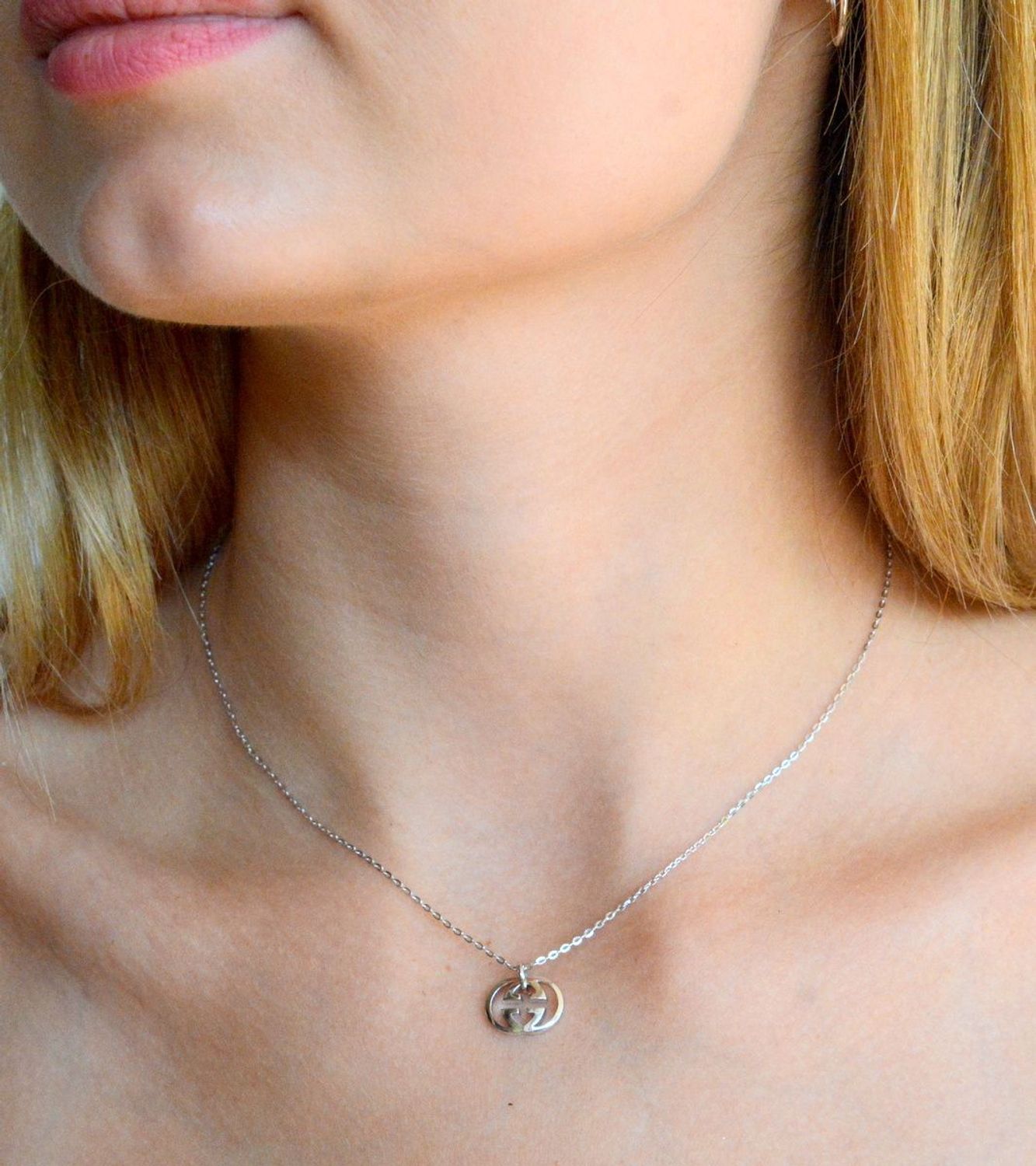 Srebrny naszyjnik damski 925 celebrytka z modnym wzorem DIA-NSZ-10260-925.jpg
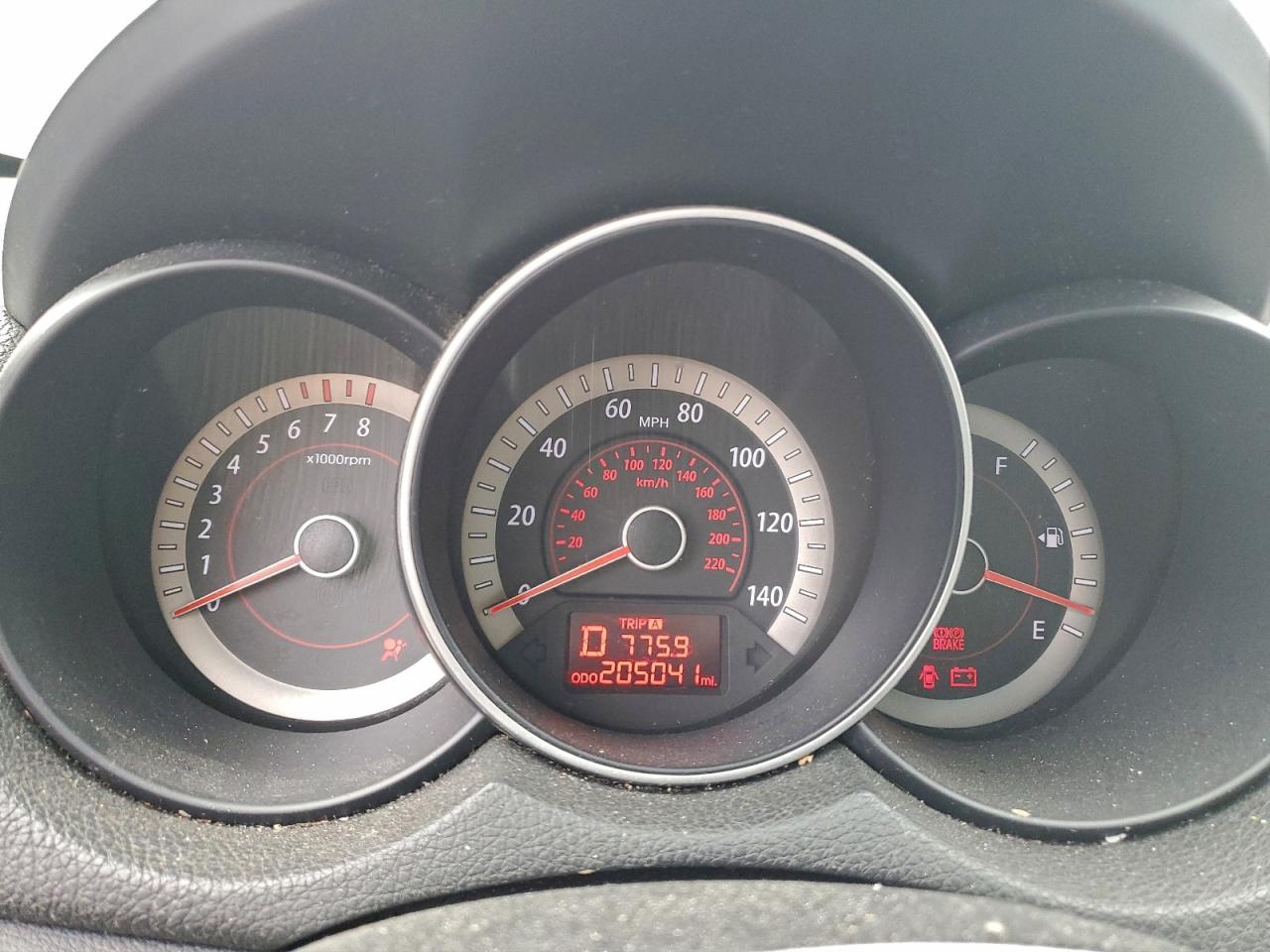 2010 Kia Forte Ex VIN: KNAFU4A23A5850972 Lot: 93917835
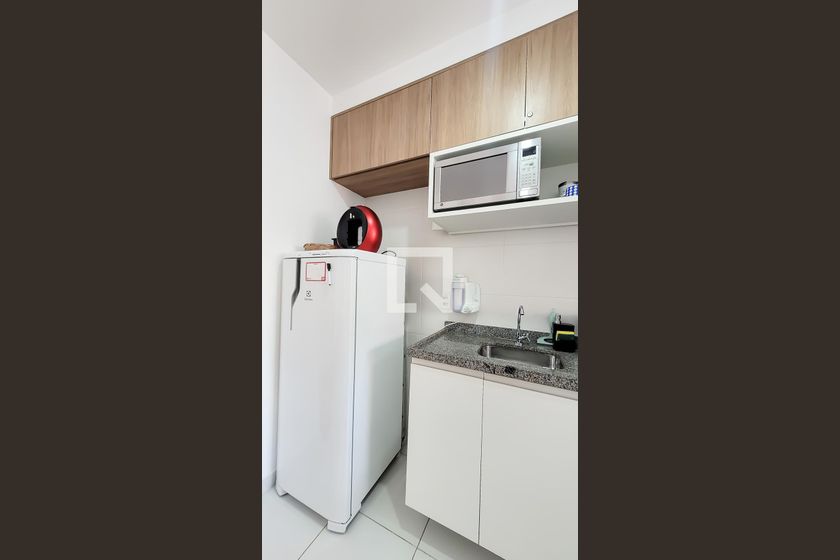 Apartamento à Venda - Centro, 1 Quarto,  40 m2 em , Campinas - sp | SoloBR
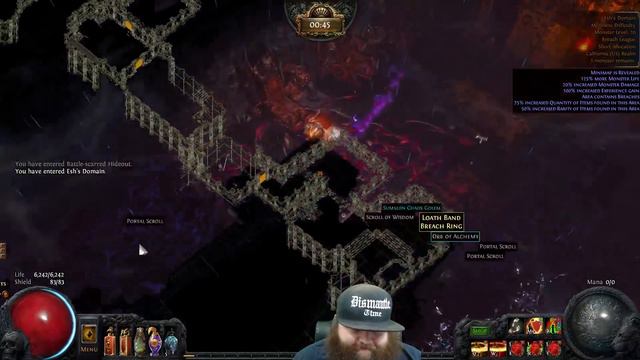 Path Of Exile: Breachlord (Lightning) ESH  - Boss Fight Guide 2.5 Breach League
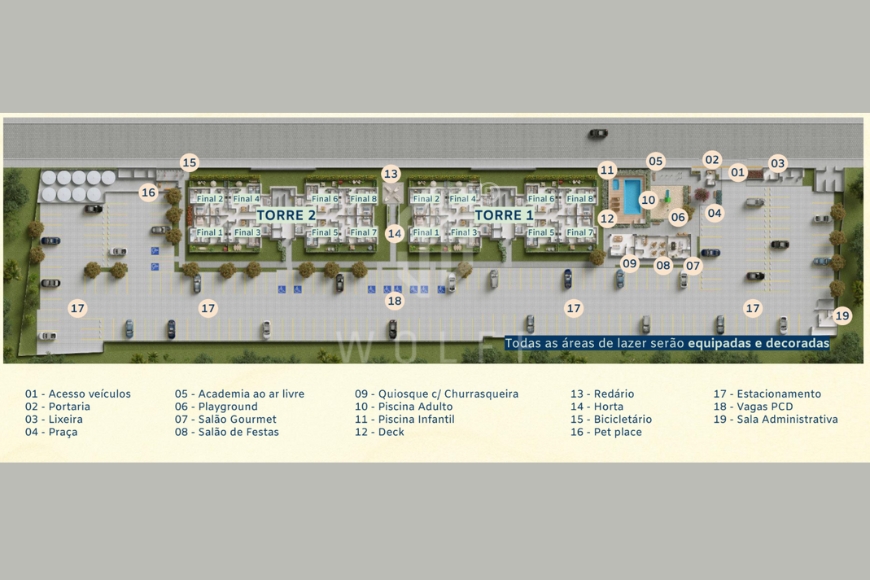 JD1598 - Apartamento para Moradia ou Investimento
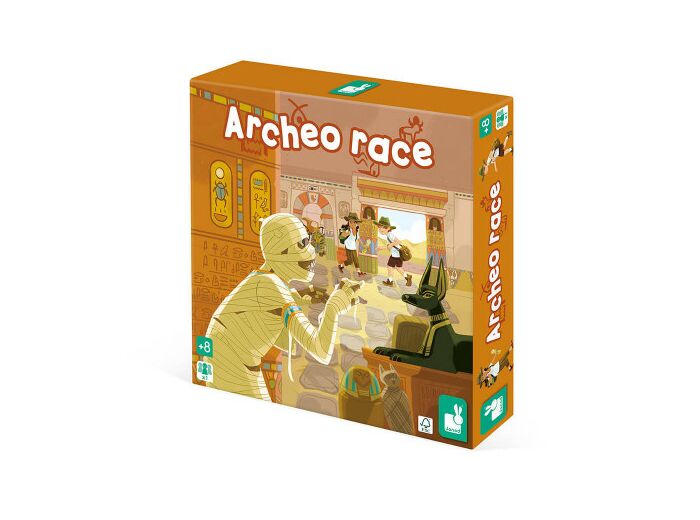 Archeo Race - Jeu Solo - Janod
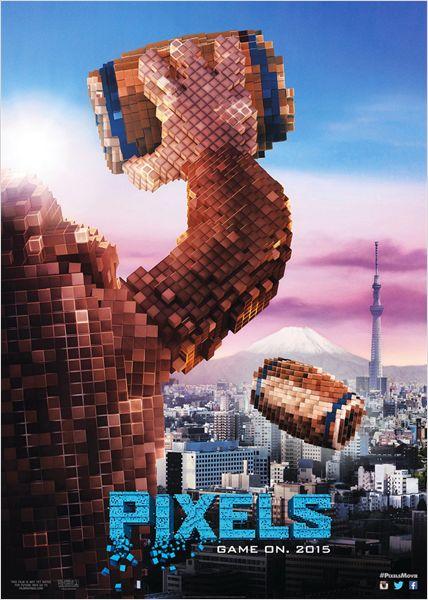 Bande annonce de Pixels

· · ·

Work instructions ▸ In the records above, find the line containing "Apartamento à Venda", then write out exactly that line and every later one through the last, omitting pictures.

Solution for this task ▸
 Apartamento à Venda - Centro, 1 Quarto,  40 m2 em , Campinas - sp | SoloBR
 Path Of Exile: Breachlord (Lightning) ESH  - Boss Fight Guide 2.5 Breach League
 JD1598 - Apartamento para Moradia ou Investimento
 Archeo Race - Jeu Solo - Janod
 Bande annonce de Pixels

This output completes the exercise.